The data -
• • • • • • •
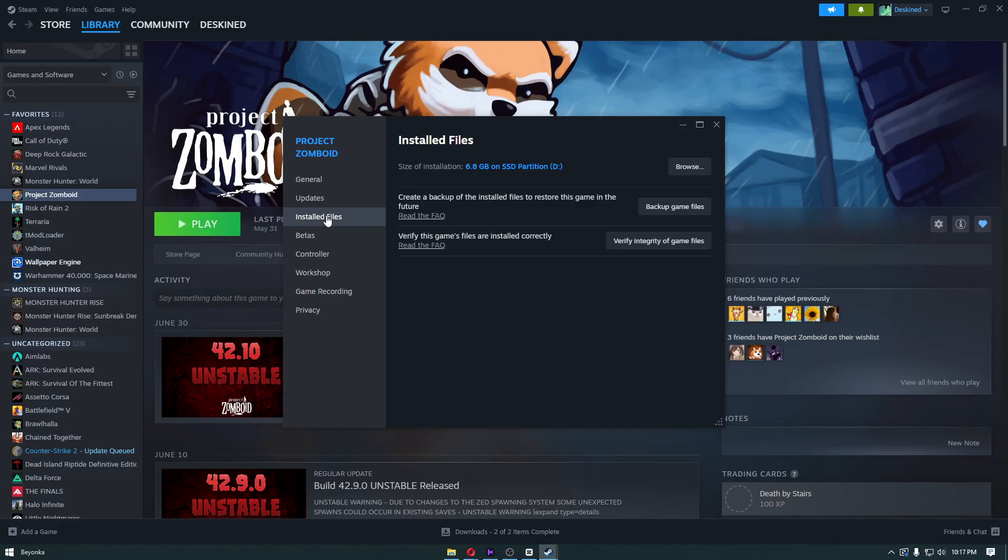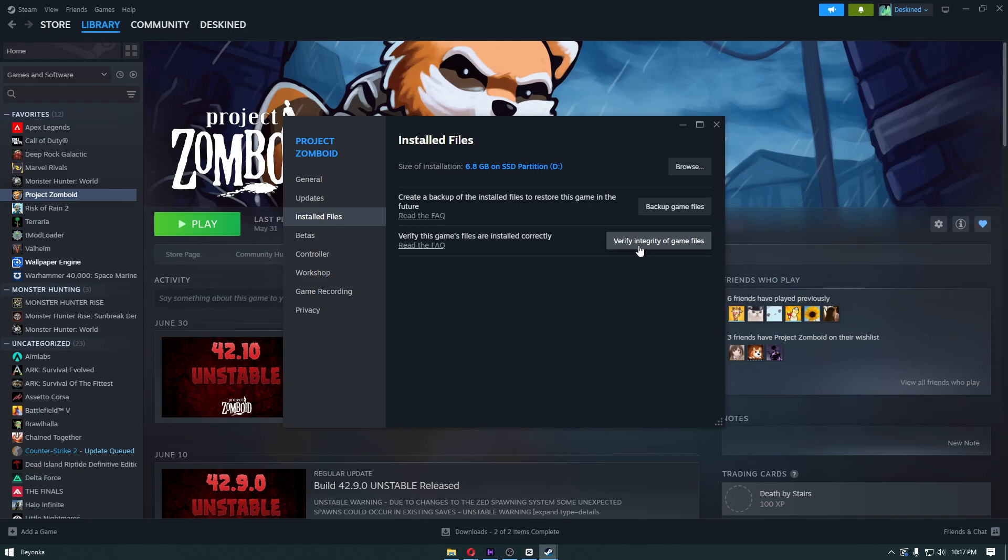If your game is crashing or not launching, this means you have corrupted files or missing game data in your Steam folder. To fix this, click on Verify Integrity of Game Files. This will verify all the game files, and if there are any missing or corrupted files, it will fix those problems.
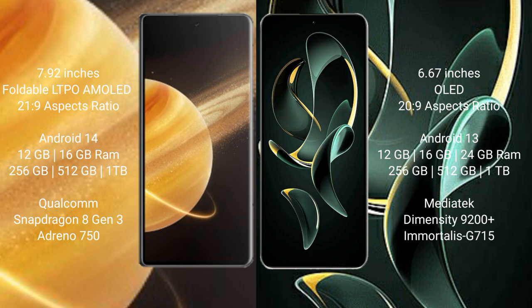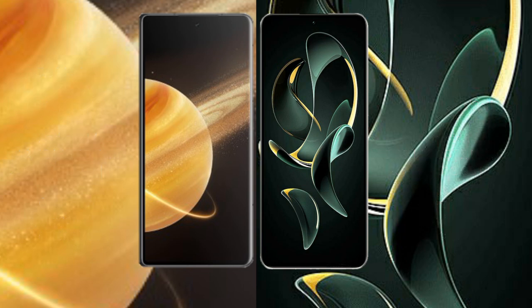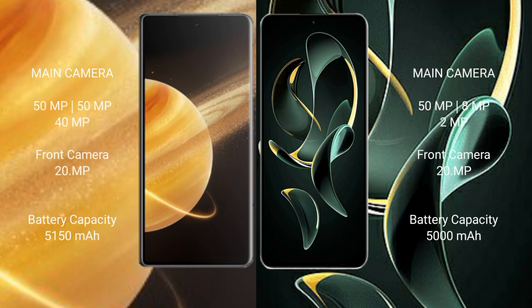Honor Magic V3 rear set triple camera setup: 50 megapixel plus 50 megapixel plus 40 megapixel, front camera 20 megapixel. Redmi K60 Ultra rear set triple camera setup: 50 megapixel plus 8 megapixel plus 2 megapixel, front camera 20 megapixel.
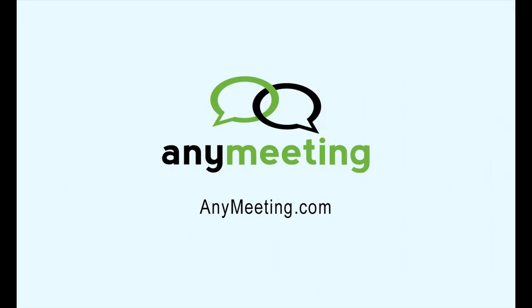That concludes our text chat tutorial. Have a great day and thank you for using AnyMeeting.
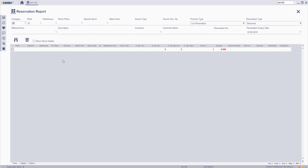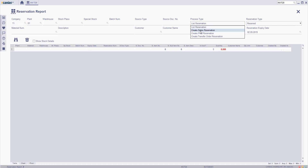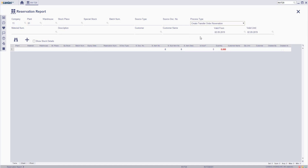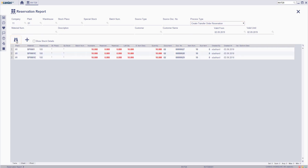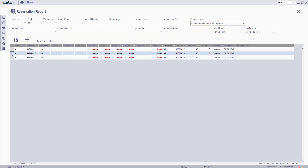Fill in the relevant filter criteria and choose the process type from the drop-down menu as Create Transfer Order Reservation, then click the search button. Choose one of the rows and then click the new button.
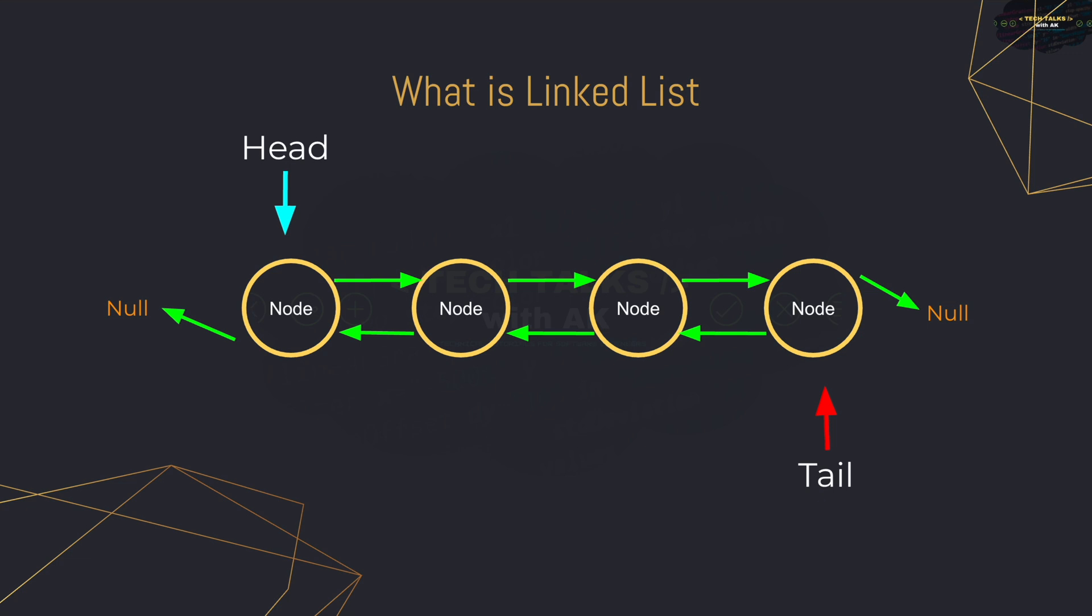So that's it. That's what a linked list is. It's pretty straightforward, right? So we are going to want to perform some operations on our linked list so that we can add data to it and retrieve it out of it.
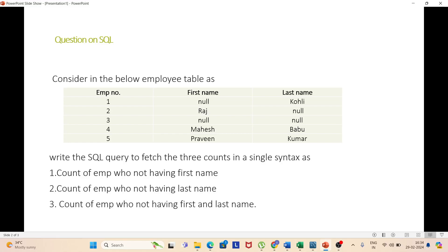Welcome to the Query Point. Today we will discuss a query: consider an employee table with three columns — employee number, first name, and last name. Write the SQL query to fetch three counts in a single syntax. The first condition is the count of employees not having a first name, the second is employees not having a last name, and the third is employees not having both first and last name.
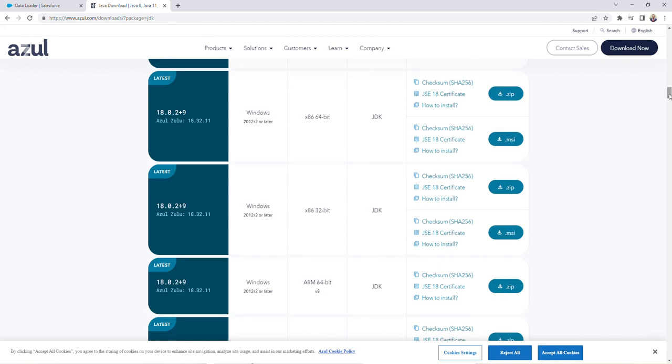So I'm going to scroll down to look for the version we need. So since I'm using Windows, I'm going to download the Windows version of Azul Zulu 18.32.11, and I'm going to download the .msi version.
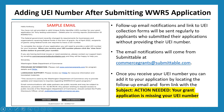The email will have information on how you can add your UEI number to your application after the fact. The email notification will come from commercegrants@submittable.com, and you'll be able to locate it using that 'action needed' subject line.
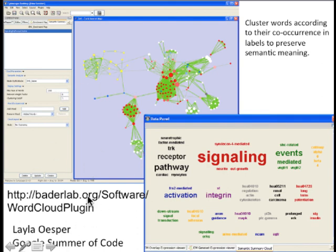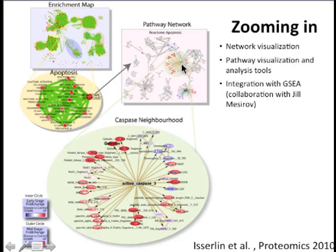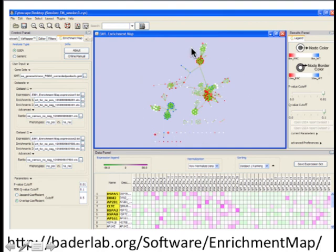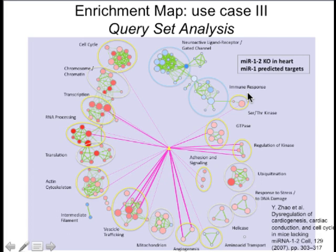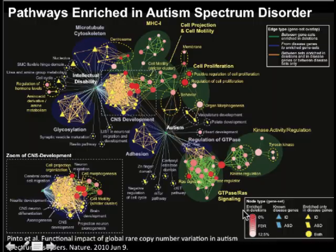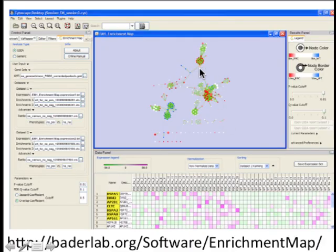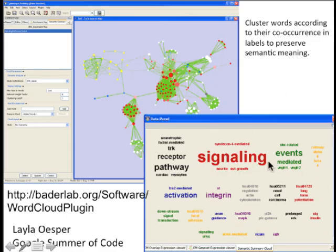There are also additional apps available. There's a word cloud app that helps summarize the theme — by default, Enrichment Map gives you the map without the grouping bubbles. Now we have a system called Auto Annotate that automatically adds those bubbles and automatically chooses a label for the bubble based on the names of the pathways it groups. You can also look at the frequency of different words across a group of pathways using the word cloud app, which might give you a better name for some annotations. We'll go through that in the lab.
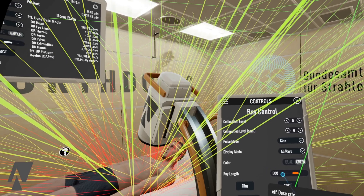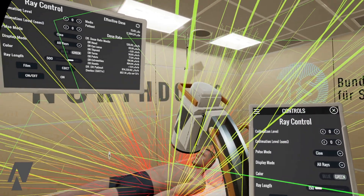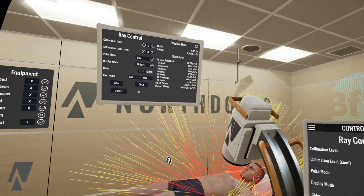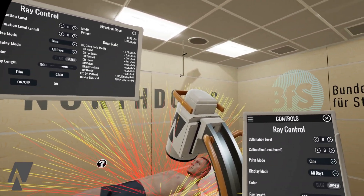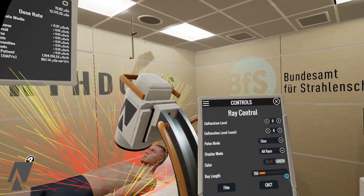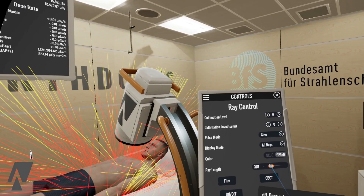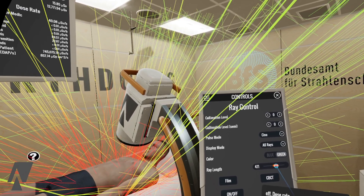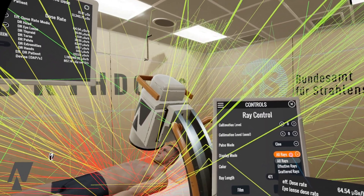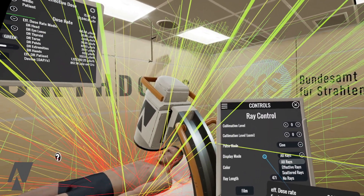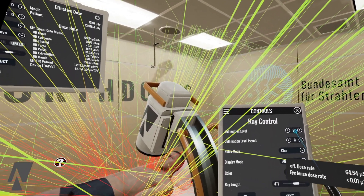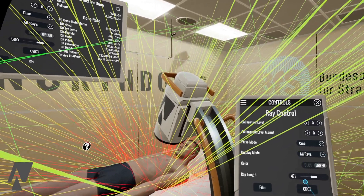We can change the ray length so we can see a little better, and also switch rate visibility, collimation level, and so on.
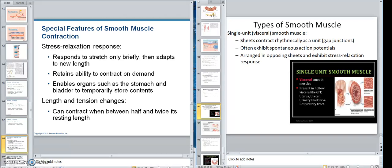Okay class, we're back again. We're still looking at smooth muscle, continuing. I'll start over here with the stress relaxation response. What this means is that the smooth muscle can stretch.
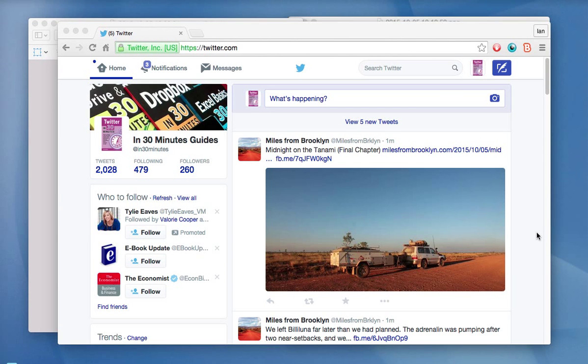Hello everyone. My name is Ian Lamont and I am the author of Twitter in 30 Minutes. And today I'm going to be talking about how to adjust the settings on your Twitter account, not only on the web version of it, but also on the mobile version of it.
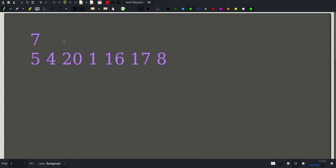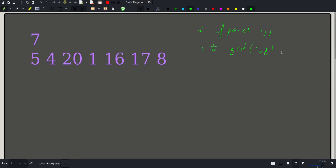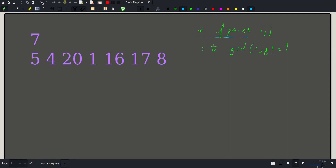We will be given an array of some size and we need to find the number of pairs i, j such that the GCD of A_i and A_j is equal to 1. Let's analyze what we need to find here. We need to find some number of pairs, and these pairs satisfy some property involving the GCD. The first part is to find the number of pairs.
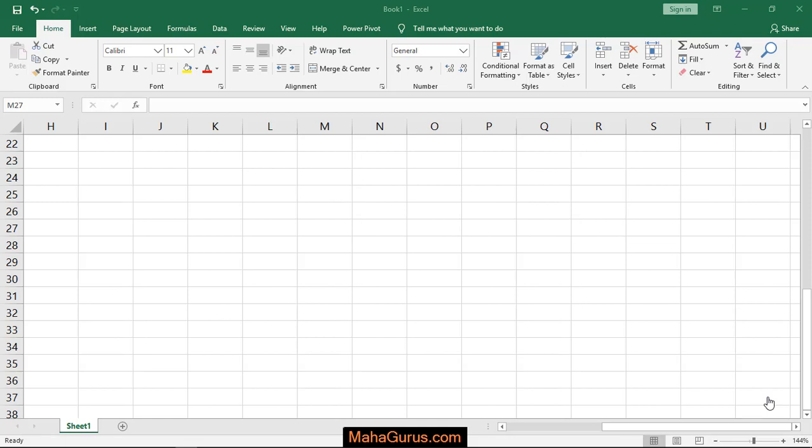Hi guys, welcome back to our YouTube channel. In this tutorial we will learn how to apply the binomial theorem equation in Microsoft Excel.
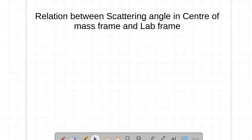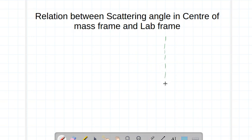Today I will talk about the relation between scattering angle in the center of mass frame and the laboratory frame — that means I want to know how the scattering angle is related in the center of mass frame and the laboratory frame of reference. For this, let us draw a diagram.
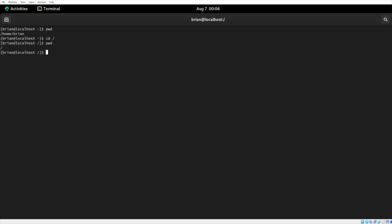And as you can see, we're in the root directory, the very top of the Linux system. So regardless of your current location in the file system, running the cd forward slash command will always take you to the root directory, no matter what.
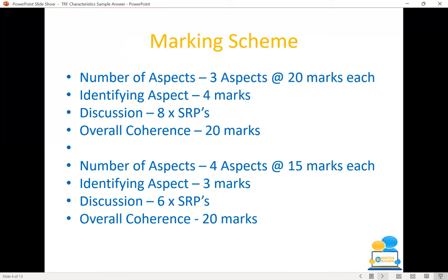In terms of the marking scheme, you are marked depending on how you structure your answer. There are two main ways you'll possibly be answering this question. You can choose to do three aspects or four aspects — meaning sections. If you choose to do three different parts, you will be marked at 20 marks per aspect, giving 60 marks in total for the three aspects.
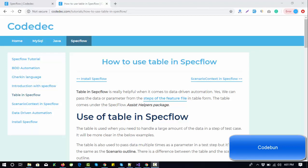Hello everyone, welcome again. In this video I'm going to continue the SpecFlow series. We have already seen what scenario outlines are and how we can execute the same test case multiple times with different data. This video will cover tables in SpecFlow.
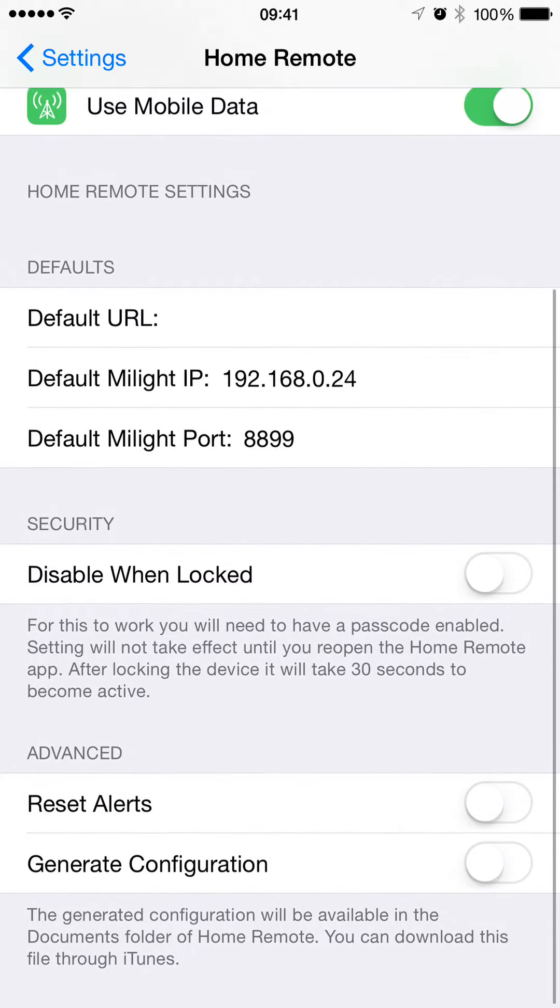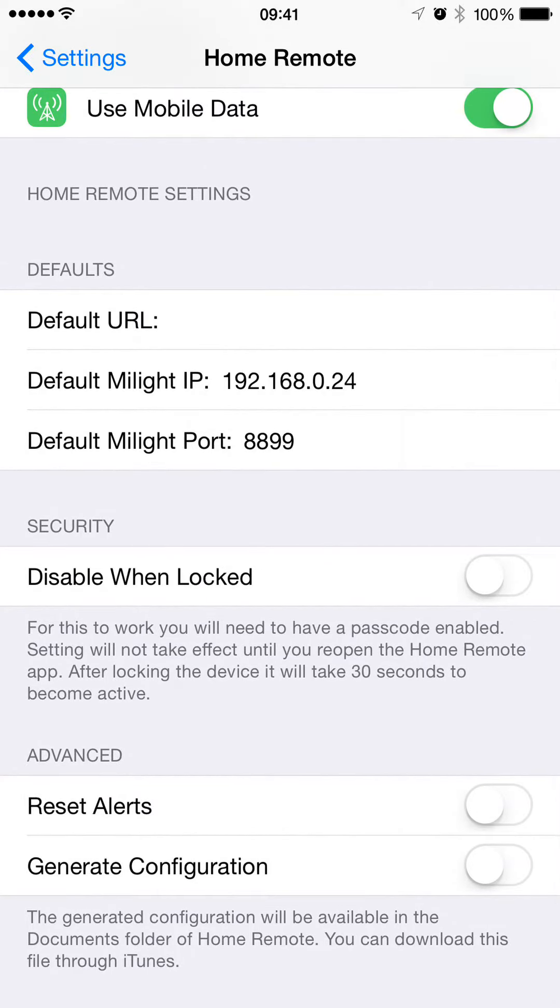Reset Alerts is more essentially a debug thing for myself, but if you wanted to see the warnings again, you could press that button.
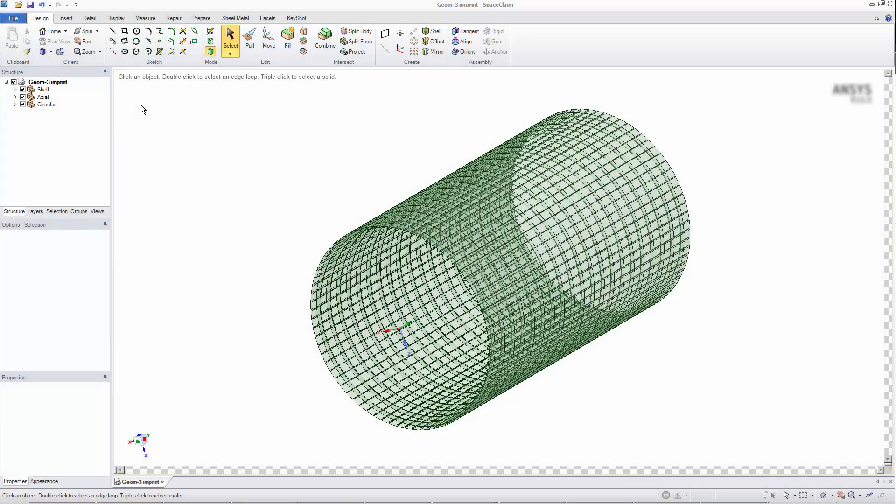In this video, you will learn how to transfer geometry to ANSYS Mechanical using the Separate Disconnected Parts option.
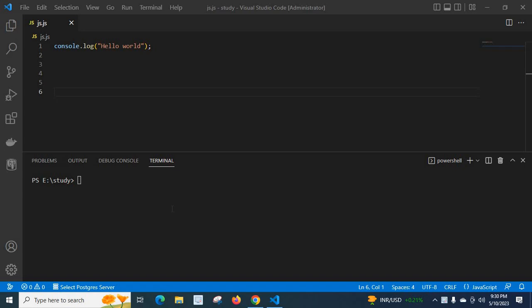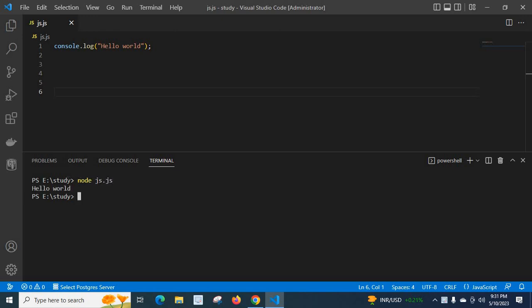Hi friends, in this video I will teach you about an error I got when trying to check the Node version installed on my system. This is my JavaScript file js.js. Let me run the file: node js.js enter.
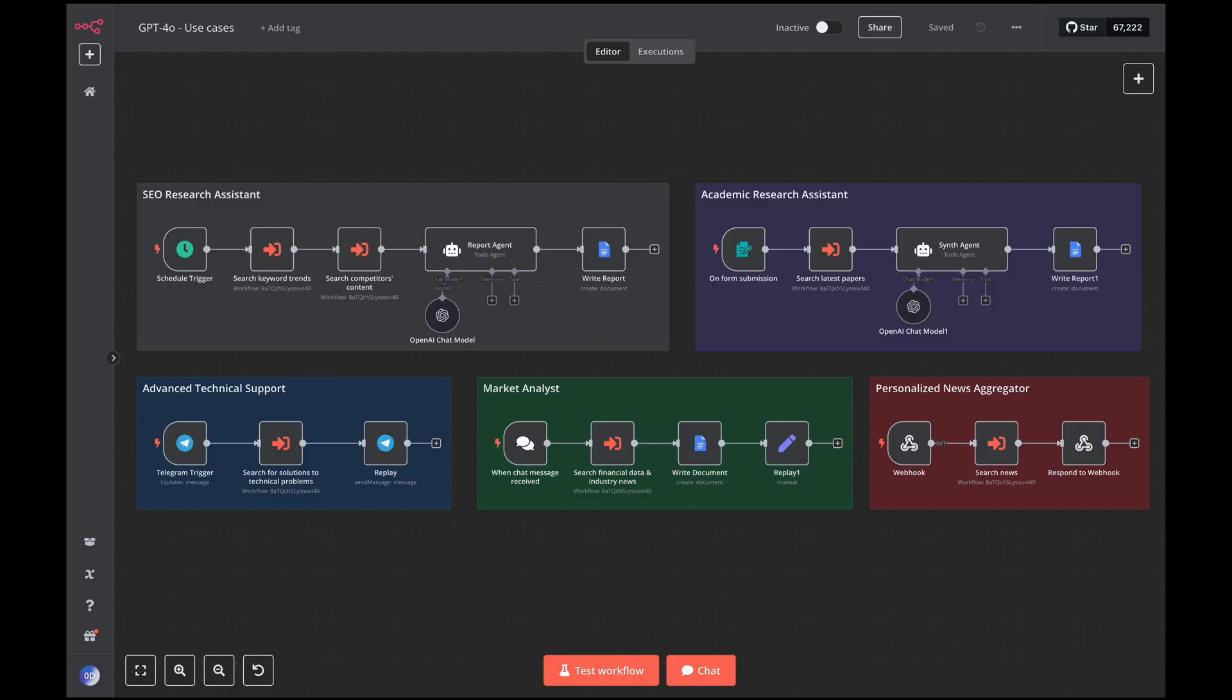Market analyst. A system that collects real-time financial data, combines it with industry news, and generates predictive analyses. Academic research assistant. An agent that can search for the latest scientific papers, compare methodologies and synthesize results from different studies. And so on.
• • • • • • •
Task objective - Your task is to copy only the lines above starting at the one containing "We can change" and ending at the one containing "Hello everyone. My". Copy them exactly, both ends included, and omit the pictures.

Response box -
We can change the ray length so we can see a little better, and also switch rate visibility, collimation level, and so on.
Okay class, we're back again. We're still looking at smooth muscle, continuing. I'll start over here with the stress relaxation response. What this means is that the smooth muscle can stretch.
Hello everyone. My name is Ian Lamont and I am the author of Twitter in 30 Minutes. And today I'm going to be talking about how to adjust the settings on your Twitter account, not only on the web version of it, but also on the mobile version of it.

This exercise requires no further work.